One read: “The snitch got to go. Free Geronimo.”
The demonstrators were an unsettling challenge to a venerable institution, and their target on that Sunday in January was no less than the 61-year-old chairman of First A.M.E.’s Board of Trustees: Julius C. (Julio) Butler.
Butler’s route to that prominent position has included a series of sharply contrasting stops. He has been a Marine sergeant, a Los Angeles County sheriff’s deputy, a hairstylist known as “Mr. Julio,” a Black Panther, a City Council aide, an early campaign volunteer for former Mayor Tom Bradley and a legal aid attorney.
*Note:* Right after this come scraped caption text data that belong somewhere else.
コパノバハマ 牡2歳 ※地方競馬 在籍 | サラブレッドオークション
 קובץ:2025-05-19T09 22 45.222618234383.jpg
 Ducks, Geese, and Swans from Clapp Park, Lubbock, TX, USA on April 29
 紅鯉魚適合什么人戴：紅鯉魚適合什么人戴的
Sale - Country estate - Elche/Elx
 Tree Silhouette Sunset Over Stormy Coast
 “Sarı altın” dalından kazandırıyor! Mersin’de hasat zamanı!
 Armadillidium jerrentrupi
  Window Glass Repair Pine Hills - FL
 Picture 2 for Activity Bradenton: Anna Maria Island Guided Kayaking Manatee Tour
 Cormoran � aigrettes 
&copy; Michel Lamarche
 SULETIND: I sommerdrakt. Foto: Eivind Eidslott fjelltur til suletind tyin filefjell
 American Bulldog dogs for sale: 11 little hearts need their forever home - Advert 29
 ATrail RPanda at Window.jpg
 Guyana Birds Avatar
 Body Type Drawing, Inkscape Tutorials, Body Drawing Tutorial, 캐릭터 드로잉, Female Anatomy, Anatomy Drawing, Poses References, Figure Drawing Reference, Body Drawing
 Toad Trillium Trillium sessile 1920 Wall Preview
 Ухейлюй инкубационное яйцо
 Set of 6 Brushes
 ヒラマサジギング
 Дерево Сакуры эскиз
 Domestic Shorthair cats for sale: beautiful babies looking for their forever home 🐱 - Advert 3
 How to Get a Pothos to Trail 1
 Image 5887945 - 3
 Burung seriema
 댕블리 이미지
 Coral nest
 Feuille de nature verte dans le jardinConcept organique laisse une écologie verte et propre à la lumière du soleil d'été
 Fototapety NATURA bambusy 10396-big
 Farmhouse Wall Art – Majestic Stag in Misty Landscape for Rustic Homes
But the demonstrators were focusing on another role Butler played, one that is rooted in the political turbulence of the 1960s.
He was the linchpin in the murder case against Elmer G. (Geronimo) Pratt, a former Los Angeles Black Panther Party leader. Pratt, who was convicted in 1972 and sentenced to life in prison, maintains that the FBI knows he is innocent because agents had him under surveillance in Oakland when the murder was committed in Santa Monica.
Butler testified that Pratt had confessed to him that he shot a teacher and her husband during a 1968 robbery. Butler said Pratt discussed “the mission” with him before the crime, admitted later that evening that he had shot the couple, and confirmed his role the next day. The woman died days later. Her husband, who was critically wounded, recovered.
The jury, however, did not know what documents released more than seven years after the trial would disclose: Butler was not merely a disgruntled former Panther associate of Pratt’s. He was giving information to the FBI.
Butler, who denies he was an informant, gave testimony so critical that three jurors who convicted Pratt say they would have regarded Butler’s account as less credible and would have held out for acquittal if they had known of Butler’s relationship with the FBI.
In addition, a retired FBI agent has maintained for years that Pratt is innocent, and that he was framed by the bureau as part of the FBI’s infamous and now-defunct Counter Intelligence Program (COINTELPRO)--covert efforts to “neutralize” organizations the bureau called “black hate groups.”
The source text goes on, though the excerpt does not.